Re: Console Journal Errors

acowl · ‎02-21-2007

Hi,

I have installed ESX 3.0.1 on 4 DL380G5 servers each with mirrored 72GB drives on the P400 controller, all the servers are giving a Journal I/O error on the console, I have rebuilt them all, I have no problems with space.

The exact error is.

EXT3-fs error (device cciss0(104,5)) in start_transaction: Journal has aborted

I also get

Error (-5) journal on device cciss0(104,5)

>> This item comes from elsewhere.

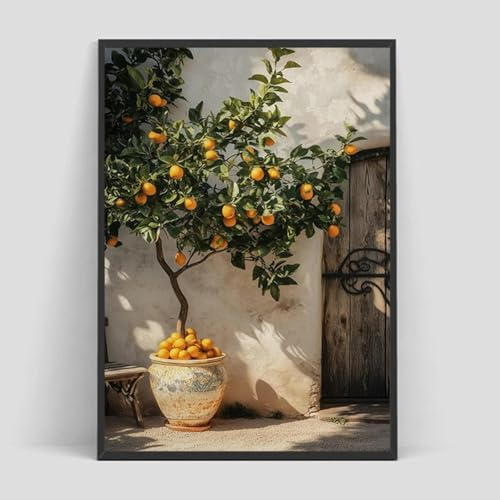 BPJSTU Italienischer Zitronen-Orangen-Olivenbaum, Retro-Landschaftsposter mit mediterraner griechischer Landschaft, Bild auf der Wand, Gemälde, Leinwand, Dekoration, 40 x 60 cm, rahmenlos
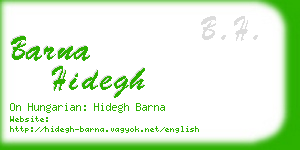 barna hidegh business card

All the system firmware has been updated to the latest version available, the insight manager agents have been loaded/unloaded the error occours regardless of whether they are loaded or not, the console memory has been upped to 350Mb to take into account the insight agents will be loaded later, also the swap file has been increased to 1024Mb.

Any help/suggestions gratefully received.

Andy

vmako · ‎02-22-2007

We are still suffering these errors intermittently on four servers despite reinstalling ESX.

The console is logging the errors mentioned previously along with;

"journal commit I/O error"

"EXT3-fs error (device cciss0(104,5)) in start_transaction: Journal has aborted"

The problem becomes apparent when the HA agent fails on the servers and it appears that the /opt filesystem becomes read-only. Although the mount command shows /opt mounted as rw.

Can anyone shed any light on this infuriating problem?

TIA,

Dan.

Rumple · ‎02-26-2007

I've had the same problem 2 times on our ESX Servers running on IBM x366 servers. There was apparently a firmware upgrade for both the Raidserv 8i controller and the drives.

I've upgraded the firmware and hopefully don't see it again although the funniest part is that after upgrading the firmware on one server it came up and stated that 3 out of 4 drives were missing in my array (nice).

I was working with IBM and missed the prompt to get into the servRAID cd and esx freaking loaded and has been running all day.

IBM cannot explain why the serveraid manager sees only a single drive in the array running but ESX is able to load the array with no problems.

vmako · ‎02-27-2007

This is currently logged with and being investigated by HP.

acowl · ‎03-08-2007

It is still with HP!

Can anyone else shead some light on what may be wrong?

Thanks

Andy

dpomeroy · ‎04-17-2007

I have a DL580G2 that was running ESX 2.5.x fine for over a year. I just rebuilt it as ESX 3.0.1 and started having this problem.

EXT3-fs error (device cciss0(104,5)) in start_transaction: Journal has aborted

Has anyone else with this issue found any resolution?

It seems in our case it will be fine until I plug in the fiber. /var goes read only and we get the journal I/O errors.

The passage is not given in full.